**Requirement:**
The reply must contain exactly the lines below from the one with "Like what you" down to the one with "Hello and welcome", both included, and nothing more; please omit the pictures.

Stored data

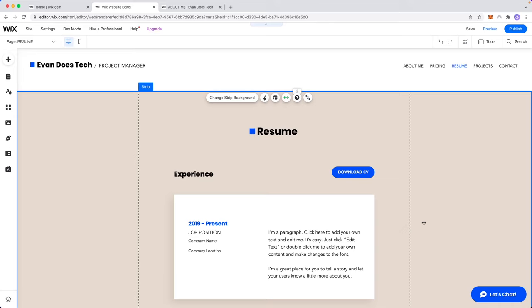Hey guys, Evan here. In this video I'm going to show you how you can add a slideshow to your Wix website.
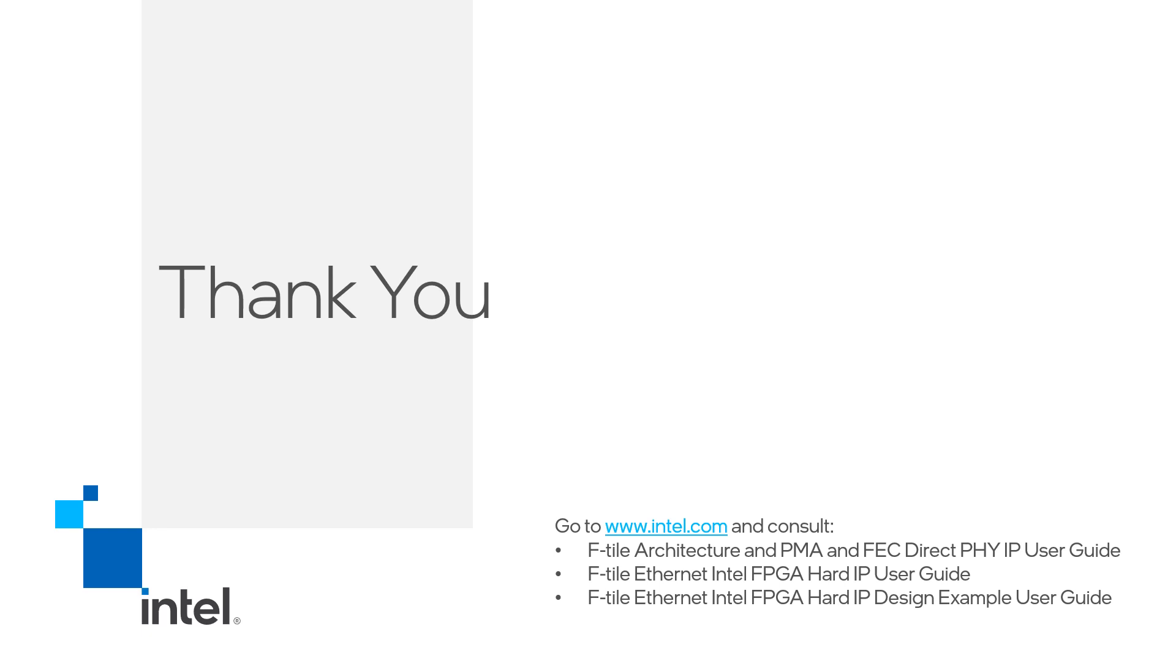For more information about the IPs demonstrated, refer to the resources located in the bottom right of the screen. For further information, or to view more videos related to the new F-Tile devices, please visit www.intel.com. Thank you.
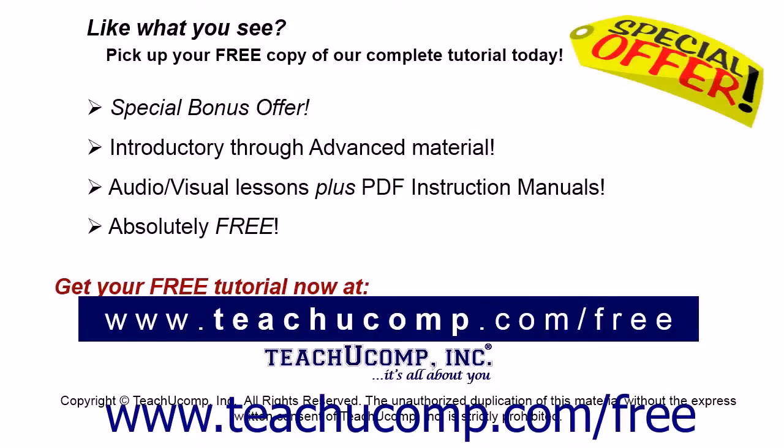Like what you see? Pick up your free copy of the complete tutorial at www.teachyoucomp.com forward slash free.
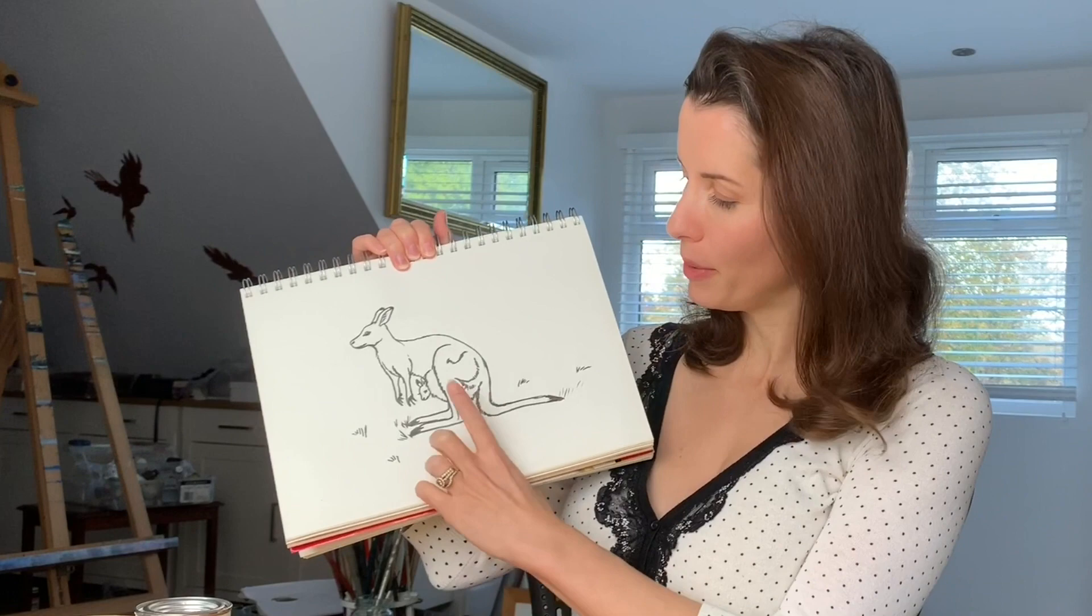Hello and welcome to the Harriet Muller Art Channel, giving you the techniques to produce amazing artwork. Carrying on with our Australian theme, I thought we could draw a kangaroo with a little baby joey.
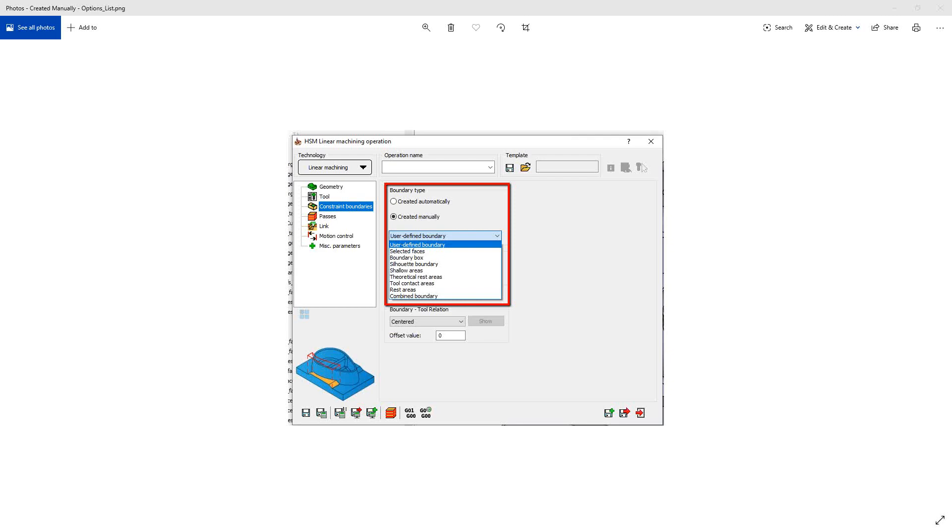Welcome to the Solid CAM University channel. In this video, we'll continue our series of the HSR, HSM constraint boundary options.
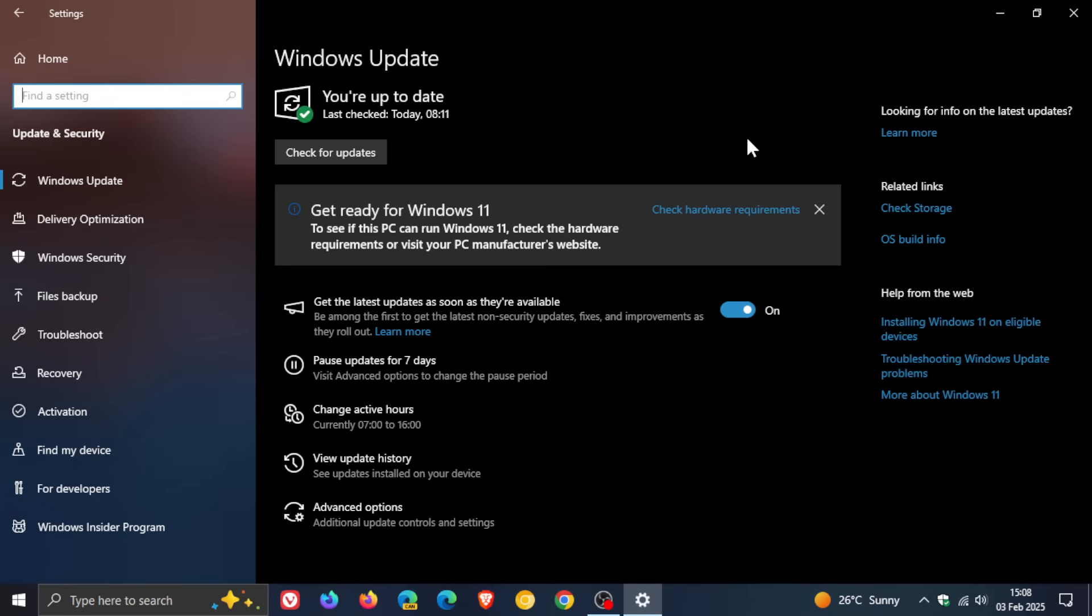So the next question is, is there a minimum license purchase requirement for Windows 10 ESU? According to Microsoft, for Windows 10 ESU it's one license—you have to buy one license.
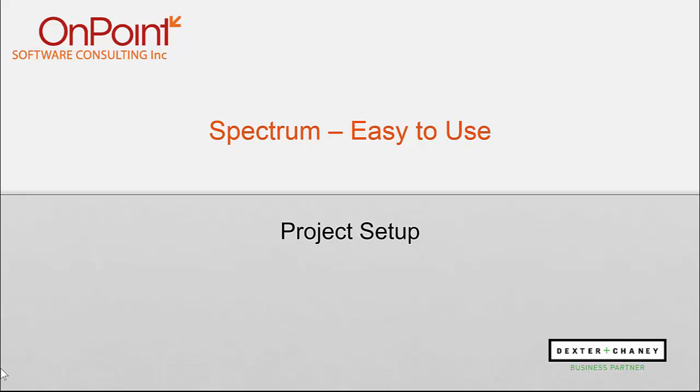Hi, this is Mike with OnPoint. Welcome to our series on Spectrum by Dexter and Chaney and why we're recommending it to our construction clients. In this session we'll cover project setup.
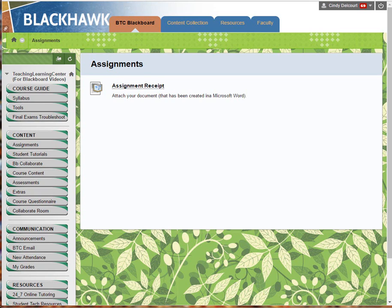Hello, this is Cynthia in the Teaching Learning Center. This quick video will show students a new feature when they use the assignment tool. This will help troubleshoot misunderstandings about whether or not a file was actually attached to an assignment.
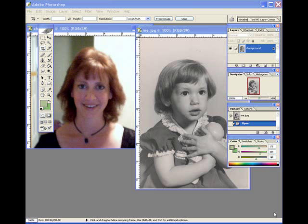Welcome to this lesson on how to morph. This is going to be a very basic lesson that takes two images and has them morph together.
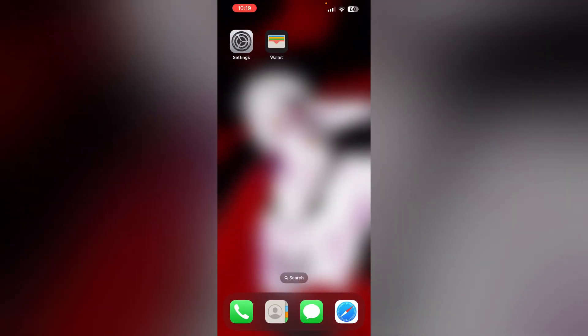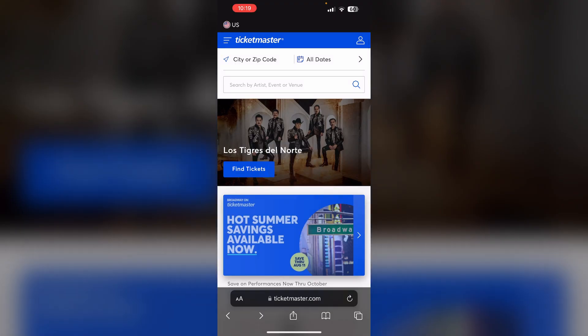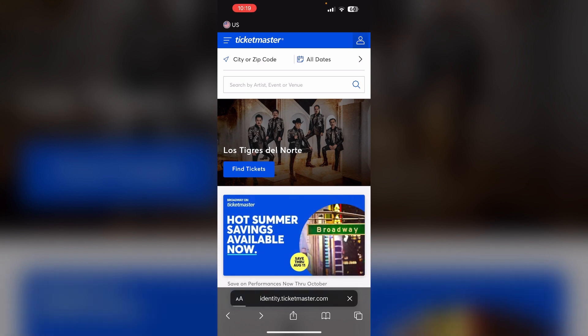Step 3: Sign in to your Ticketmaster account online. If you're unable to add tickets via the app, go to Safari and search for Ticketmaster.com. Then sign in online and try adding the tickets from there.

**Response to the exercise:**
Like what you see? Pick up your free copy of the complete tutorial at www.teachyoucomp.com forward slash free.
Hello and welcome to the Harriet Muller Art Channel, giving you the techniques to produce amazing artwork. Carrying on with our Australian theme, I thought we could draw a kangaroo with a little baby joey.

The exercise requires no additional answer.